Exercise details —
Among the entries below, extract exactly the lines that run from the one with "PRIMROSE Sterling Silver" through the one with "Leatherick Chaleco de", both ends included.

===== Input for this task =====

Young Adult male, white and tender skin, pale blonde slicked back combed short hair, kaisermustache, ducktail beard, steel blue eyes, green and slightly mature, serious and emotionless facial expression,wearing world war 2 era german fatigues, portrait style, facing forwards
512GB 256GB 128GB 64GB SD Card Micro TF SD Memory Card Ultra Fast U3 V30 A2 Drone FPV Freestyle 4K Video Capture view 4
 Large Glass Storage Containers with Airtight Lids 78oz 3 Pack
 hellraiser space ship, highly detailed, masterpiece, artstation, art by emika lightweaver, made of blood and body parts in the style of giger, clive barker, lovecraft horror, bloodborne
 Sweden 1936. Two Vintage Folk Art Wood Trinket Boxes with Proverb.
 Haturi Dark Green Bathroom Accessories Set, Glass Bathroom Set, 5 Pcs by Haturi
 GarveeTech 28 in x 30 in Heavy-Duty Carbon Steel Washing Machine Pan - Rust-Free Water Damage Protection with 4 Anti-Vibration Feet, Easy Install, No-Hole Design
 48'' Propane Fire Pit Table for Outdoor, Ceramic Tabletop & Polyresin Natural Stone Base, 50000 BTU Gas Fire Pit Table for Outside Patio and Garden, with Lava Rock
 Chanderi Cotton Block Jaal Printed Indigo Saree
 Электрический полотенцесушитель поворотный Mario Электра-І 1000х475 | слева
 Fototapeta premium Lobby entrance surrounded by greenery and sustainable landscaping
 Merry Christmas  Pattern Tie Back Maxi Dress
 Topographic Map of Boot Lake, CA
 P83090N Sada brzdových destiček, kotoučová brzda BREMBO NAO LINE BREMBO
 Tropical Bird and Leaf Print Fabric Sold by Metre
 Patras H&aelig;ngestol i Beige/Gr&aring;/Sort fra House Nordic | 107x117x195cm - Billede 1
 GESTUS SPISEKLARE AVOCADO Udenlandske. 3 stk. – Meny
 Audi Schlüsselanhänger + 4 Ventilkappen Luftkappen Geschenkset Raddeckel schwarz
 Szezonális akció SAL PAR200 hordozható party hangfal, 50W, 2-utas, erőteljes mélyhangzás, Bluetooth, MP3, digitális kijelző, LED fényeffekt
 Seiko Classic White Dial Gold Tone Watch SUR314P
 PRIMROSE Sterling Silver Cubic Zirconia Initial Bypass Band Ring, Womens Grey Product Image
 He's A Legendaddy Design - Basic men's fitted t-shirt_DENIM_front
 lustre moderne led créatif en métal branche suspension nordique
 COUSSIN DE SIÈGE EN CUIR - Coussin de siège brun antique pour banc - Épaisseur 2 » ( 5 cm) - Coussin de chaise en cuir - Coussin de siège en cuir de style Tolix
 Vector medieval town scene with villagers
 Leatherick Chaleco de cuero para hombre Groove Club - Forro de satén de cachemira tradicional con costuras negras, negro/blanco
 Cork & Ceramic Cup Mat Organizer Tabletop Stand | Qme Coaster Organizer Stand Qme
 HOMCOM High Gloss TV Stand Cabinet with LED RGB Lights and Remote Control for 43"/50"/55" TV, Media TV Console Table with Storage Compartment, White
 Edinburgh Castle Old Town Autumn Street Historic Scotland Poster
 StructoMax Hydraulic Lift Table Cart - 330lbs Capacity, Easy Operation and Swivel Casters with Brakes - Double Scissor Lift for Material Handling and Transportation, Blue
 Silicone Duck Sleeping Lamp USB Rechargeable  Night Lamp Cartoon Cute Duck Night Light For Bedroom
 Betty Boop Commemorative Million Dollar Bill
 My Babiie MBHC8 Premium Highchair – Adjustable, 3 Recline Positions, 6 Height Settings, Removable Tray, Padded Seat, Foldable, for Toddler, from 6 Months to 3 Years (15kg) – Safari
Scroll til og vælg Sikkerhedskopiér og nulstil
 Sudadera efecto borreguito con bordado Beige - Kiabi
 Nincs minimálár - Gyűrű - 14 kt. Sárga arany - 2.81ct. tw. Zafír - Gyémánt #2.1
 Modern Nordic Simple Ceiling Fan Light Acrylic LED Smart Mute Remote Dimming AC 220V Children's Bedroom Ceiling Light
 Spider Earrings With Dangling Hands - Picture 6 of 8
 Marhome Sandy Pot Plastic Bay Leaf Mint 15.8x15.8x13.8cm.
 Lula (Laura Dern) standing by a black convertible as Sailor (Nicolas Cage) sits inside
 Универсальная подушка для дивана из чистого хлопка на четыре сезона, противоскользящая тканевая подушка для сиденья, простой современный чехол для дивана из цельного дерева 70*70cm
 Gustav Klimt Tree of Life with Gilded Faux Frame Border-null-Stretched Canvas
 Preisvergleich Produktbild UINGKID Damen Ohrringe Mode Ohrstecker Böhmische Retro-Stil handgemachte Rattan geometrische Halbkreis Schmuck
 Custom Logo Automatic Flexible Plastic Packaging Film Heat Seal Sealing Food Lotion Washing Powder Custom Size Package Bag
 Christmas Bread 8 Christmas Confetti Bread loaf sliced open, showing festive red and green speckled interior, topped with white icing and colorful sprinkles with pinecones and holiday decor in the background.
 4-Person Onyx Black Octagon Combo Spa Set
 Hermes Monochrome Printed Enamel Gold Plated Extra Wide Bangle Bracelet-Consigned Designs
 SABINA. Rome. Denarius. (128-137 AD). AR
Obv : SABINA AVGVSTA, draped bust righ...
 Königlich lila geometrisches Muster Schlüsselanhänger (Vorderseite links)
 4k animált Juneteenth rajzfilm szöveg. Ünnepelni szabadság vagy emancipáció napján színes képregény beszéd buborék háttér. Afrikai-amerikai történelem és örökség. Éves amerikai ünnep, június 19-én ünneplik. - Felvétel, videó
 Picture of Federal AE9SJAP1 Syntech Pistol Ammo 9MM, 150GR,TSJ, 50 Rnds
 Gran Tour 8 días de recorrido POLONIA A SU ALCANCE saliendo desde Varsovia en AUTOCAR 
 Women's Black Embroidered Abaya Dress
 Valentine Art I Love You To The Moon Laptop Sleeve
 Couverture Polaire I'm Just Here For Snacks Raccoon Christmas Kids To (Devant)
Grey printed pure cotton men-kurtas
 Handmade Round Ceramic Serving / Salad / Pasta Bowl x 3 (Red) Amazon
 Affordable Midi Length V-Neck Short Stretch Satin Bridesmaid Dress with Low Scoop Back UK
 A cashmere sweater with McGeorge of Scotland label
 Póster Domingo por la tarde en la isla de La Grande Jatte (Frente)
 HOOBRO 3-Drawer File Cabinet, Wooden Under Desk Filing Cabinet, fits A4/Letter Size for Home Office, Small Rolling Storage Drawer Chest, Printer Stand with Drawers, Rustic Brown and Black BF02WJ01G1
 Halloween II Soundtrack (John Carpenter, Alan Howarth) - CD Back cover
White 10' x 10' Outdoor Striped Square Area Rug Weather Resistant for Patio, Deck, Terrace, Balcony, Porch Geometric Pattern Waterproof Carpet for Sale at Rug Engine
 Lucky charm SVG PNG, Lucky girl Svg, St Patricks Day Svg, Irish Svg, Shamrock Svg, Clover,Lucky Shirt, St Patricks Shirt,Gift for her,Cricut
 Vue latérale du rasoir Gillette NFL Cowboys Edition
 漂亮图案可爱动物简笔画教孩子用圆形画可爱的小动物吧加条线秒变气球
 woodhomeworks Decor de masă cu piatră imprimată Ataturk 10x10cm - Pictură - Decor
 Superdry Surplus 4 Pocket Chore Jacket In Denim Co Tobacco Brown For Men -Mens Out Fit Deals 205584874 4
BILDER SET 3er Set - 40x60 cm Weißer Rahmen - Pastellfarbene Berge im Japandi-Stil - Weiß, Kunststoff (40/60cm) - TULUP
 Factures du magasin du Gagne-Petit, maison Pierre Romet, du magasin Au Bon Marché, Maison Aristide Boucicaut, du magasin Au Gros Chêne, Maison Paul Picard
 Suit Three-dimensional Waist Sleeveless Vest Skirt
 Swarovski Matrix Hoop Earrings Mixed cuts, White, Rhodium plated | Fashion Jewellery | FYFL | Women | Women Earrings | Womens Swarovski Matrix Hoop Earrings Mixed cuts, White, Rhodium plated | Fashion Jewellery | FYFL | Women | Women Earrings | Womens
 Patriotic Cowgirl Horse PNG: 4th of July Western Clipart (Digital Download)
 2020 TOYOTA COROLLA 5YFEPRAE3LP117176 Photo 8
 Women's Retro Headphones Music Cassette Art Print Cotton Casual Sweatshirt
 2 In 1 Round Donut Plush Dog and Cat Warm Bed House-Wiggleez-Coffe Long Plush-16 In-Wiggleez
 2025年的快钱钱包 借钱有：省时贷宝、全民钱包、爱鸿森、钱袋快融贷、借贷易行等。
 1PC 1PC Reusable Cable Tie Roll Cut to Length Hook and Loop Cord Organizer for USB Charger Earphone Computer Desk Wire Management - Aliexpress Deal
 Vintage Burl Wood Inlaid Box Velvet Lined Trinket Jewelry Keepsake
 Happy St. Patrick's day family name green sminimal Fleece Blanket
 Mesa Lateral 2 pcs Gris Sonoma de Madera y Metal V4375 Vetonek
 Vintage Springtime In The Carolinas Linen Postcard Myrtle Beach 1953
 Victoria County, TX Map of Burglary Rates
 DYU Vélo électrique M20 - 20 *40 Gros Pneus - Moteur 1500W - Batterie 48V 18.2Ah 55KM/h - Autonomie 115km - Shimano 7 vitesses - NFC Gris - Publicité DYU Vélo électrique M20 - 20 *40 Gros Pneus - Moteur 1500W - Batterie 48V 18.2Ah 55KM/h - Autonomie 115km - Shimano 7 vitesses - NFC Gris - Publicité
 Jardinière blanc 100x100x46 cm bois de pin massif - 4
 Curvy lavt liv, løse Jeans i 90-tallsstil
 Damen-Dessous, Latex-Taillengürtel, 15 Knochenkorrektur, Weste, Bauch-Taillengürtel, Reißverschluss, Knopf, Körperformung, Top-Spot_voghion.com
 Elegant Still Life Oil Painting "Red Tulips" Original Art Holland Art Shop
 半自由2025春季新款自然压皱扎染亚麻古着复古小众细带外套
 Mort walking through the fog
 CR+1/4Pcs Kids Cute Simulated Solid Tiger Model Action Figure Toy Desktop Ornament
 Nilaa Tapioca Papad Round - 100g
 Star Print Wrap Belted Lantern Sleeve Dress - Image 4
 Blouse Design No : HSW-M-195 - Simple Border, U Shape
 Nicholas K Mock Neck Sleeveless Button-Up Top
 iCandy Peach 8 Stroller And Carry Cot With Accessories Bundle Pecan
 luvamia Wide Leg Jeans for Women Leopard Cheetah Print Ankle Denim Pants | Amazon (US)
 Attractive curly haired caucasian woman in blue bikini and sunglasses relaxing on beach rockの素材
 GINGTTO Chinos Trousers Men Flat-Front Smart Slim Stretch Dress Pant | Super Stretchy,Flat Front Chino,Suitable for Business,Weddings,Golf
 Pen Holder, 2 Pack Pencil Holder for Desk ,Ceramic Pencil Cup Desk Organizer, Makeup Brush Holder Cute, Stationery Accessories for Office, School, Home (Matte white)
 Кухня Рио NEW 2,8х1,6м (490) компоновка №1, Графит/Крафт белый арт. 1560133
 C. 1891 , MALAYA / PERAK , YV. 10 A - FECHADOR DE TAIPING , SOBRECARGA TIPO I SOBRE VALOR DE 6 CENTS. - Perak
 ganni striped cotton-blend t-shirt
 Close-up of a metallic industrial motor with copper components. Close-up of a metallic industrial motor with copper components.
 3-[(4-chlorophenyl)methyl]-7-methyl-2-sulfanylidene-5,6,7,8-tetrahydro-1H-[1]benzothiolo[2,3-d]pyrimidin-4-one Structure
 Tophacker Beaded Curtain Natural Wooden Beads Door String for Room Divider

=====

Response below —
 PRIMROSE Sterling Silver Cubic Zirconia Initial Bypass Band Ring, Womens Grey Product Image
 He's A Legendaddy Design - Basic men's fitted t-shirt_DENIM_front
 lustre moderne led créatif en métal branche suspension nordique
 COUSSIN DE SIÈGE EN CUIR - Coussin de siège brun antique pour banc - Épaisseur 2 » ( 5 cm) - Coussin de chaise en cuir - Coussin de siège en cuir de style Tolix
 Vector medieval town scene with villagers
 Leatherick Chaleco de cuero para hombre Groove Club - Forro de satén de cachemira tradicional con costuras negras, negro/blanco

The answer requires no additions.